- Born: c. 1960 (age 65–66)
- Occupations: Author, former maternity nurse
- Writing career
- Genre: Childcare
- Notable work: The Contented Little Baby Book

= Gina Ford =

British author

Gina Ford (born c. 1960) is a British author of childcare books in the United Kingdom and a former maternity nurse who has cared for over 300 babies during her career. Ford's 1999 book The Contented Little Baby Book advocates a daily routine for both the baby and the parents, with the day divided up into very precise slots.

==Praise and criticism==

Criticism of Ford's approach has included that her methods are like "training animals". Some criticism centres around the fact that she herself has no children and however much she learns about and cares for the children of others, having never experienced this as a parent means she lacks some fundamental first-hand experience of maternal brain chemistry changes. The maternal brain chemistry changes involve hormones that allow the mother to be more sensitive to her own infant's wants.
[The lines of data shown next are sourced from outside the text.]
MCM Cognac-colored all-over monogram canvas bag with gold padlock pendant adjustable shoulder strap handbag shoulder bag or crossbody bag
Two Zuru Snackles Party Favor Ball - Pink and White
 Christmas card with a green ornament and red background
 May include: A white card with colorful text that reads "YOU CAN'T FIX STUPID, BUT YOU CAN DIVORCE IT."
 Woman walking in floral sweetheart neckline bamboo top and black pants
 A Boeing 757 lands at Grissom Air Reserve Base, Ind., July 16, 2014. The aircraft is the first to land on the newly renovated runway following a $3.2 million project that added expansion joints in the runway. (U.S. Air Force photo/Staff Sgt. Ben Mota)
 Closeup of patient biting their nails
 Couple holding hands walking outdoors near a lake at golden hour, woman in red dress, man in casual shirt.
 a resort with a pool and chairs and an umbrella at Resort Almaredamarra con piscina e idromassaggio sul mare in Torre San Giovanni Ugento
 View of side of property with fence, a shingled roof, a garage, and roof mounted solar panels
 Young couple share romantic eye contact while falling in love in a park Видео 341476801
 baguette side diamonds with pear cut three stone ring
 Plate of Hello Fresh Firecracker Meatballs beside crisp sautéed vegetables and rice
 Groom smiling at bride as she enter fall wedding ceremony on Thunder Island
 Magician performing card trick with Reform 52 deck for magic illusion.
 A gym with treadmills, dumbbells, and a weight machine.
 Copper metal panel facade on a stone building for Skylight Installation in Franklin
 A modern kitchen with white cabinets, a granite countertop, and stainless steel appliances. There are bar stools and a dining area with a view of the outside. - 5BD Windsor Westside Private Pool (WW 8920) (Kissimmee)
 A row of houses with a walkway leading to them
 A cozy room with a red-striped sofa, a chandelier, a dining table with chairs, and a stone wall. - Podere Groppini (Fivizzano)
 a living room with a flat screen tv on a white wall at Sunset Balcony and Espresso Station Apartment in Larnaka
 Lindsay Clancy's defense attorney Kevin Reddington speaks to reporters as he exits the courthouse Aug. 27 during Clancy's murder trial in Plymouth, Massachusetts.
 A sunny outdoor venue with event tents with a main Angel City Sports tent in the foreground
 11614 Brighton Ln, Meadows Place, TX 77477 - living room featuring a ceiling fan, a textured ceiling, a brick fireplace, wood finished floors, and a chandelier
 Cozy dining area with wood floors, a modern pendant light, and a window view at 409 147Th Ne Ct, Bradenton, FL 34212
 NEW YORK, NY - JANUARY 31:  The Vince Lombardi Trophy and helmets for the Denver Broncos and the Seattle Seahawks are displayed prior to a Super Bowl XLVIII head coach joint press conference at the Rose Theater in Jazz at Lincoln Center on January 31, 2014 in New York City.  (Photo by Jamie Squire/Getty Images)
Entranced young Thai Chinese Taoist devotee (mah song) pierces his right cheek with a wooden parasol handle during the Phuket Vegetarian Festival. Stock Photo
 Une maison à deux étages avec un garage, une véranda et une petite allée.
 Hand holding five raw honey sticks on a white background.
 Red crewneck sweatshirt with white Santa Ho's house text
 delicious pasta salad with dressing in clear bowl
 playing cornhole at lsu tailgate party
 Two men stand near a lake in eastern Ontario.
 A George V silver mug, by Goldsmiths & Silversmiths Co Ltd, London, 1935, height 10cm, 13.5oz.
In answer to criticism about her methods she writes, "I would never advise that young babies should be left to cry for lengthy periods of time to get themselves to sleep. I do stress that some overtired babies will fight sleep and they should be allowed 5-10 minutes' 'crying down' period." Ford writes further on this subject in her book.

Critics of her methods include Penelope Leach, Miriam Stoppard and Nick Clegg.

In response to criticism levied against her, Ford suggests that the 25% market share of parenting books that her publications enjoy is proof that her methods do not harm children.

==Projects==
In 2004, the BBC commissioned a series from Outline Productions called Gina Ford's Baby School, using Big Brother-style methods to oversee the progress of newborn babies. In January 2005, Ford had a meeting with BBC and Outline Productions, and refused to agree to certain reality-style aspects of the format. With only a few weeks before filming, Ford pulled out and was replaced by Dr Tanya Byron.

Five Life commissioned a programme called Gina Ford: Who Are You To Tell Us?, which aired on 4 March 2007.

==Mumsnet libel==
Ford has threatened legal action against online child and parenting forum mumsnet.com, claiming that users have made "defamatory" comments about her, and has demanded that the whole site be taken down. In May 2007, this dispute was resolved with Mumsnet paying some of Ford's legal costs, but Mumsnet remaining open.

In 2007, she wrote to the National Society for the Prevention of Cruelty to Children and accused child-care expert Claire Verity of “child abuse” for methods used in a Channel 4 series called Bringing Up Baby.